Una decisione maturata a livello nazionale e fortemente voluta dal segretario Gianni Alemanno, che trova piena attuazione anche nel territorio vibonese. Con il passaggio a Futuro Nazionale, di fatto, la destra sociale vibonese, storicamente capeggiata dall’ex senatore Francesco Bevilacqua, aderirà compatta al progetto politico di Vannacci, aprendo una nuova fase organizzativa e politica.
Il passaggio di consegne
“Passiamo il testimone del nostro impegno e della nostra coerenza a Futuro Nazionale con Roberto Vannacci”, scrive in un post su fb Scianò, sottolineando come la scelta sia stata condivisa da tutta la classe dirigente locale del movimento. “Una scelta voluta dal segretario Gianni Alemanno e che è stata seguita da tutti noi, nessuno escluso”. L’eredità lasciata da Indipendenza nel Vibonese è rappresentata da un consenso elettorale che alle ultime comunali ha sfiorato il 3 per cento, da 123 iscritti e da una rete composta da nove circoli territoriali.
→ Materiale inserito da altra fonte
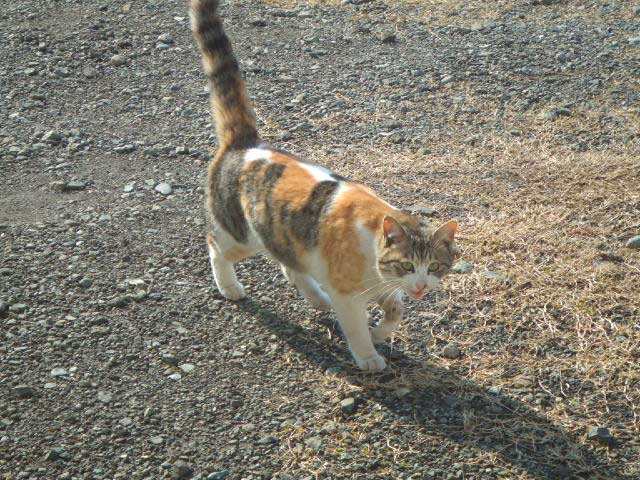 �{�����`�`�I�@���̖�Y�`�I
La nuova sfida con Futuro Nazionale
L’obiettivo dichiarato è ora quello di rafforzare la presenza del nuovo soggetto politico sul territorio. “Rafforzeremo con la nostra confluenza il nuovo partito nel quale tutti crediamo, nutrendo piena fiducia nel nostro presidente generale Vannacci”, afferma Scianò, che rivolge un ringraziamento anche a Gianni Alemanno per il sostegno assicurato al movimento negli anni.
“Contiamo di raddoppiare gli iscritti e di rafforzare ulteriormente il nostro impegno”, aggiunge il coordinatore provinciale, salutando l’esperienza di Indipendenza e dando il benvenuto alla nuova avventura politica. Un passaggio che segna la fine di una stagione e l’avvio di un nuovo percorso per l’area della destra sociale vibonese, pronta a schierarsi sotto le insegne di Futuro Nazionale e della leadership di Roberto Vannacci.